There really is nothing like the holidays to underscore the depressing reality of one's situation in life. After watching my sister brag about how she called the police on me and lied that I attempted to murder her last year and watching my mother laugh heartily about it I am fucking disgusted with everything. THEY FUCKING FIND IT FUNNY! I suppose they think of the incident along the lines of "no harm, no foul" (since I wasn't arrested), but what they fail to understand is that on that day significant -- perhaps irreparable -- harm was done. I may occasionally joke about wanting to harm certain people, but I AM NOT A MURDERER. Moreover, I think murder is wrong. So I view it as a serious insult when people act as if they truly believe me to be dangerous -- especially when they do so insincerely in order to get me into trouble for their own amusement. Furthermore, I actually care about my sister -- and have never attempted to seriously injure her, let alone kill her -- so for her to call the police and put on a show and tell lies to the effect that I had was a very painful thing for me to experience. She laughed about it then, too. But that was a year ago, and I could perhaps drop it if it weren't so apparent that to this day she is apparently proud of her actions then -- and that our mother views the whole thing as being ridiculously funny. I view their actions and reactions here, at the very least, as betraying their decidedly negative perception of me.
Am I being unreasonable? I don't believe so, but after having a good laugh at this incident, my mother seemed geniunely surprised that I would excuse myself from the table. My reply: "Why would you want to eat dinner with a known murderer?" And yet far from thinking better of their comments and derisive words, I can still hear them talking about and laughing at me as I sit in my room!
I'm done for now. Again, happy Thanksgiving.






Wes, I am sorry to hear about your distress, perhaps your mother dose not understand gravity of the matter, or it is not uncommon for a mother to be in denial over the actions of her children.

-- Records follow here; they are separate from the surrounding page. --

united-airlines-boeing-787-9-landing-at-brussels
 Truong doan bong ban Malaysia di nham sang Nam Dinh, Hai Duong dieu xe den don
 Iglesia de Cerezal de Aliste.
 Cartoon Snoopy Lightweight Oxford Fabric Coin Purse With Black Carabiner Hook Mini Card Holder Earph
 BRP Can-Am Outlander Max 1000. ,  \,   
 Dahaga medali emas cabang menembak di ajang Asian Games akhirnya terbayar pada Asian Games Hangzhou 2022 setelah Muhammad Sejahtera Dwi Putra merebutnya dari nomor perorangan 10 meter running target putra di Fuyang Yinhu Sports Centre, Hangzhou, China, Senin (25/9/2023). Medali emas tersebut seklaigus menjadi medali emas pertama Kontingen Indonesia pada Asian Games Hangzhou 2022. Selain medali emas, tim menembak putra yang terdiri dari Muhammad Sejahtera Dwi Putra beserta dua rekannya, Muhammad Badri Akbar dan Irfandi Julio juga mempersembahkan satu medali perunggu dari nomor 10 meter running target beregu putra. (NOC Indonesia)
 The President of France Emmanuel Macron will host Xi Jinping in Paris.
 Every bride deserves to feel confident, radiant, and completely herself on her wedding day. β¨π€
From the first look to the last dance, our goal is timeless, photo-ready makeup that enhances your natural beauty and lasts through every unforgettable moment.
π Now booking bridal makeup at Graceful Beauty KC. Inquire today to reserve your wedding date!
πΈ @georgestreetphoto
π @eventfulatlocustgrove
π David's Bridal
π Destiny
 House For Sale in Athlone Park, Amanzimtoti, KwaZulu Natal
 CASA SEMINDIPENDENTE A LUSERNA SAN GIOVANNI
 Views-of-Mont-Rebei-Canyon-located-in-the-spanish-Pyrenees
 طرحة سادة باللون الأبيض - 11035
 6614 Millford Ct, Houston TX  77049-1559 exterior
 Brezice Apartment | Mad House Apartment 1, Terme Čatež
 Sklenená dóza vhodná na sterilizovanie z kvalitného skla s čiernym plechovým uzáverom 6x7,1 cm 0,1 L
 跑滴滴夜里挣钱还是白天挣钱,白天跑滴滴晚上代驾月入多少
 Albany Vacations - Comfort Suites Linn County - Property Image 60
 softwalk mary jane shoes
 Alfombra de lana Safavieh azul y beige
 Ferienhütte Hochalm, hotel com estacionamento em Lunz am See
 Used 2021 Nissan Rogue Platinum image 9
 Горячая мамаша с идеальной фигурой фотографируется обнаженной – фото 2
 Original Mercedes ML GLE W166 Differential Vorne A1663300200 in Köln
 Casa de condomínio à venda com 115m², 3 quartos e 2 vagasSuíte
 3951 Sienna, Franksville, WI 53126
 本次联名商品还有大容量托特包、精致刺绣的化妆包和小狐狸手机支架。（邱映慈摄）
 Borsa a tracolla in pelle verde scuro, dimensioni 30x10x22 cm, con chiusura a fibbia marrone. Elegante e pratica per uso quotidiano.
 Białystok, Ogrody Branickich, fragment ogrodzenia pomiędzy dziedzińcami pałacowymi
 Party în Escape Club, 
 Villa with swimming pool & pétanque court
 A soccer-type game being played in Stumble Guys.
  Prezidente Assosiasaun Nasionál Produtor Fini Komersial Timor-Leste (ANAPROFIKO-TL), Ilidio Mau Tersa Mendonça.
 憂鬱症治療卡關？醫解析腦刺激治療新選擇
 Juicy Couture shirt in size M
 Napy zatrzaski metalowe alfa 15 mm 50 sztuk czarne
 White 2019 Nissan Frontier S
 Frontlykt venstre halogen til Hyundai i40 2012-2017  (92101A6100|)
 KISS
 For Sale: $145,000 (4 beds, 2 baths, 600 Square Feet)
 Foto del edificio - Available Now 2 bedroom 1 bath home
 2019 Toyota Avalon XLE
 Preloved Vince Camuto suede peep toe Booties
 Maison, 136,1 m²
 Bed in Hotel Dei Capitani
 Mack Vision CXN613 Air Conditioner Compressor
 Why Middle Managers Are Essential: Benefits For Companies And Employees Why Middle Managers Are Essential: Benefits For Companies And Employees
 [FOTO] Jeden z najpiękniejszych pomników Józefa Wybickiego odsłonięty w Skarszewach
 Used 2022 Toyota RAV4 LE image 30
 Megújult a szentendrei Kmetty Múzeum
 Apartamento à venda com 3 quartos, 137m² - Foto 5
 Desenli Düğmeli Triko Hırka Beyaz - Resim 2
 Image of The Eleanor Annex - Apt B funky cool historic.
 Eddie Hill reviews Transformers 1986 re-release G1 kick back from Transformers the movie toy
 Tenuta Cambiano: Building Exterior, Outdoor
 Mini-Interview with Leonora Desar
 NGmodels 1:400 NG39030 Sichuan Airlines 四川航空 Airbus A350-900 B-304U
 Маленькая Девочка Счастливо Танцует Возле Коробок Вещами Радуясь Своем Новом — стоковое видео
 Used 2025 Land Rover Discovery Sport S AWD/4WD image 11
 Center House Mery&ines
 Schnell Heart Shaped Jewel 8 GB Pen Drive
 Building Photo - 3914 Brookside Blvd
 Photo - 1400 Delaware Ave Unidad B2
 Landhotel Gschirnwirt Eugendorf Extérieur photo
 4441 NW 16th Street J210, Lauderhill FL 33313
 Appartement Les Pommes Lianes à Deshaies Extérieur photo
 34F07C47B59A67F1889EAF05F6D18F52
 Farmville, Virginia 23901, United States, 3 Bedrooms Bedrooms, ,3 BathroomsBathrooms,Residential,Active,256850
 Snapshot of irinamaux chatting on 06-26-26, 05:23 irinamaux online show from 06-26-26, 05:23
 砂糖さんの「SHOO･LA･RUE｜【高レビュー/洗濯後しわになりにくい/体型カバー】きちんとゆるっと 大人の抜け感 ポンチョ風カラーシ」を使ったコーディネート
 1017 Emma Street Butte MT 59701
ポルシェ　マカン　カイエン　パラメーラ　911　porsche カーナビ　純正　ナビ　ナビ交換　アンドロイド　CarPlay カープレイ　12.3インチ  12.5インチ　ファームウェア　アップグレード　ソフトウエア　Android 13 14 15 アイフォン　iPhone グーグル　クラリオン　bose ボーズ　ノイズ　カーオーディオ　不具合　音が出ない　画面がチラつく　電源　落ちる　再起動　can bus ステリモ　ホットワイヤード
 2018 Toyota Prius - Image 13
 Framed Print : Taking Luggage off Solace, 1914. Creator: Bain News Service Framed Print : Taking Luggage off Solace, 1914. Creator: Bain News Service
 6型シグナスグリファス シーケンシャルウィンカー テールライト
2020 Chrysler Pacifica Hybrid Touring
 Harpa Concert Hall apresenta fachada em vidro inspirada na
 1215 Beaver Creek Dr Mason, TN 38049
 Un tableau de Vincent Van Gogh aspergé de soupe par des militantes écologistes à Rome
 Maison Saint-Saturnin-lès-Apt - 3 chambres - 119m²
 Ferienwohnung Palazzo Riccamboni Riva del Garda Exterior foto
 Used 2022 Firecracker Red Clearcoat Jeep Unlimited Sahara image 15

I am sure if she understood the true depths of your feeling, she would not take it so lightly. Try not to let it bother you so . She needs to get a better understanding. I am on the outside looking in, so it is easy for me to see the big picture, she is on the inside looking out , she can not see you as the man you are without help, you will always be her baby boy. I could be wrong, but that is what I see in the picture you have painted for us.